Nisso tudo tem um farto papel de avós, quando para surpresa do tempo, um bebê filho do seu bebê está bem diante de seus sentimentos. A avó, escolada no filho dos outros, foi pediatra, mãe, tia, parecia uma insegura mãe de primeira vez. Batia no vidro do aquário se Sofia abria a boca como se chorasse um choro rápido. Sofia salivava e a avó queria que alguém fosse lá e enxugasse. Todo mundo falava ao telefone: de Barra Mansa a Fortaleza, de Salvador ao Rio de Janeiro, de Minas Gerais a Brasília uma intrincada rede de notícias sobre Sofia.

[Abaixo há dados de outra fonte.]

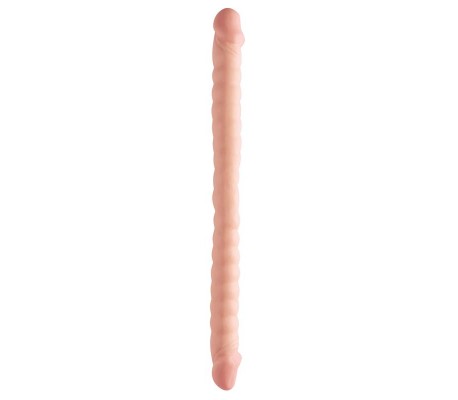 Dildo Doble 45,7 cm Natural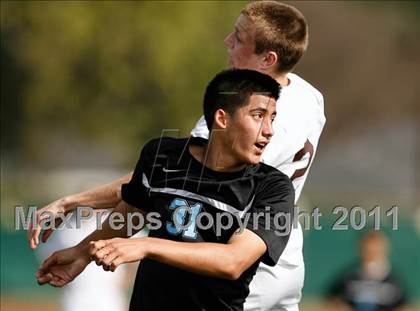 Thumbnail 2 in Parker vs. Salesian (CIF SoCal D3 Regional Final) photogallery.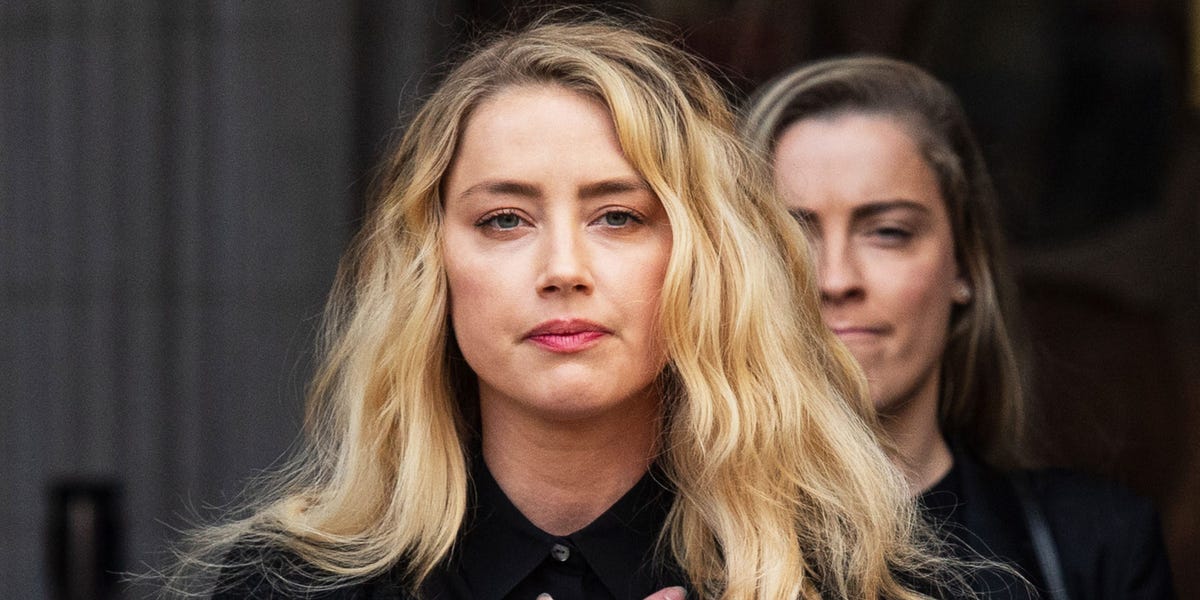 Featured image for "Amber Heard Speaks Out on 'Aquaman 2' Role Amidst Mera Debate and Shares Glimpse of Daughter Oonagh"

Impressões, conclusões, afirmações, especulações transitavam até que o segurança da maternidade, passava da meia noite, sugeriu que todos retornassem à noves horas do dia seguinte e todos se foram carregados pelo espetáculo de Sofia.


Às seis horas da manhã o pai de Sofia liga para a mãe, agora avó, e diz: SOFIA ESTAR MAMANDO.

4 comentários:

Domingos Barroso disse...

Sabedoria, Sofia, sabedoria.
Eta, prosa poética fértil!
Um abraço.

Glória disse...

As Sofias são sábias e danadas. Minha neta mais nova possui esse belo nome.

Dihelson Mendonça disse...

Só há um ponto obscuro nesse texto tão comovente:

É se

"Sofia ESTAR Mamando",

ou se

"Sofia ESTÁ mamando".

Talvez no calor da escrita, o nobre colega cometeu este deslize ortográfico, ou eu não entendi direito a proposta do ESTAR mamando. Talvez pudesse ser contornado por SOFIA ESTÁ A MAMAR.

"Ou Sofia está a mamar na Sala de ESTAR".

Um grande abraço,

Dihelson Mendonça

José do Vale Pinheiro Feitosa disse...

Não tem obscuridade, foi erro ortográfico mesmo. Postei a primeira versão escrevendo ao ritmo da oralidade (estar e está ficou no nosso linguagem oral a mesma coisa). O que pretendia era usar o verbo estar como auxiliar acompanhado de gerúndio: Sofia está mamando, isso para indicar uma ação contínua como é o ritmo do texto. Aí na versão do blog saiu assim e no texto corrigido para a caixa de e-mail diferente. Claro que a prioridade seria o blog que é público.